A property of Poisson process

Question

Let $Y_t$ be a centered Poisson process, why \begin{equation} \lim_{n \to \infty} \sup_{s<t} |n^{-1}Y(ns)| = 0 \qquad a.s. \qquad \forall t\ge 0 \end{equation} This is a fundamental step in the proof of the law of large number for continuous time Markov Chain. I'm following the proof on the book by Ethier and Kurtz but they don't explain, or show, the previous statement.

Answer 1

Define $M_{n}(s)={Y(ns)\over n}={1\over n}(N(ns)-\lambda ns),$ where $N$ is a Poisson process with parameter $\lambda$. Then $M_n$ is a martingale, so by Doob's maximal inequality with $p=4$, we have $$\mathbb{E}\left(\sup_{0\leq s\leq t} M^4_n(s)\right)\leq c\,\mathbb{E}(M^4_n(t))\leq {c\,(\lambda n t)^2\over n^4}\leq {c\over n^2}.\tag1$$ We use the fact that the normalized fourth moment of a Poisson distribution with mean $\mu$ is bounded above by a constant times $\mu^2$.

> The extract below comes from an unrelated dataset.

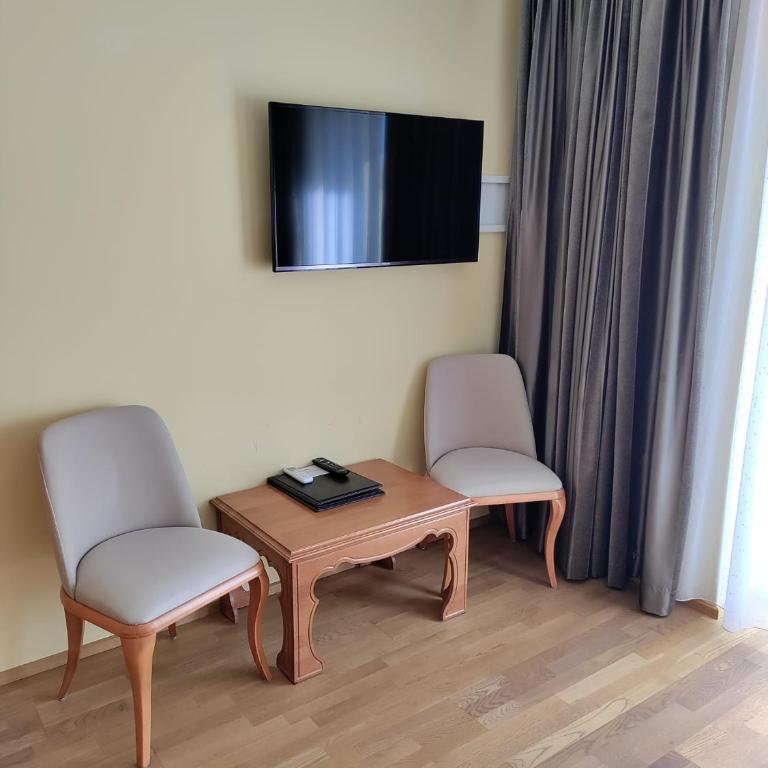 VULKAN Residenz Hotel I Self Check-in - Doppelzimmer mit Zustellbett - 4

Since the right hand side of (1) is summable, we get $\sum_{n=1}^\infty \mathbb{E}\left(\sup_{0\leq s\leq t} M^4_n(s)\right)<\infty,$ so

$$\sum_{n=1}^\infty \,\sup_{0\leq s\leq t} M^4_n(s) <\infty\quad \mbox{ almost surely},$$ which implies $$ \sup_{0\leq s\leq t} M_n(s)\to 0 \quad \mbox{ almost surely}.$$